Conservatives lament big government's prosecutorial and regulatory power to ruin people who are guilty of no crime. Through a so-called Exile proposal, our friends are now on the side of expanded government. What a mess.
What are prospects for administrative instead of legislative relief? Unknown. Our situation depends greatly on decisions implemented by the Superintendent of State Police, who statutorially heads several of the key boards (e.g., the Handgun Roster Board.) Ehrlich's nominee to replace David Mitchell is Ed Norris, until recently Mayor Martin O'Malley's police commissioner in Baltimore. His confirmation hearing was the only real opportunity for legislators to investigate what he believes. (In fact, for just that reason Baltimore legislators delayed confirmation in order to explore Norris' views on racial profiling.) Days before the hearing, a GOP staff member contacted us and warned Tripwire to "back off" editorials agitating about gun matters (as we do all the time.) We nevertheless circulated a list of questions the community might like asked of Norris. Most remain unanswered. Staffers reached the committee to quash further public questioning about guns.
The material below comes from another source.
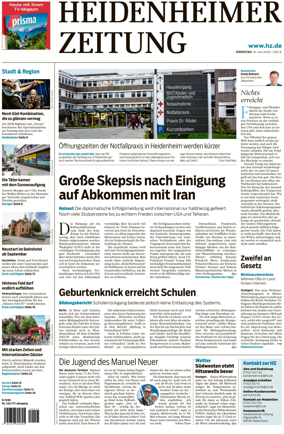 Cover of Heidenheimer Zeitung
The hearing was not a total loss. A spokesman for the Maryland Troopers Association speaking in favor of Norris thanked Ehrlich for consulting with them on Norris' selection. In contrast, gun owners were simply told who is to be in charge of enforcing gun laws, without a chance to ask what he thinks about the 'legality lock' ban or what it means to be a "qualified applicant" for a carry permit. The confirmation hearing was not a loss since we learned someone in the statehouse thinks more troopers than gun owners voted in November.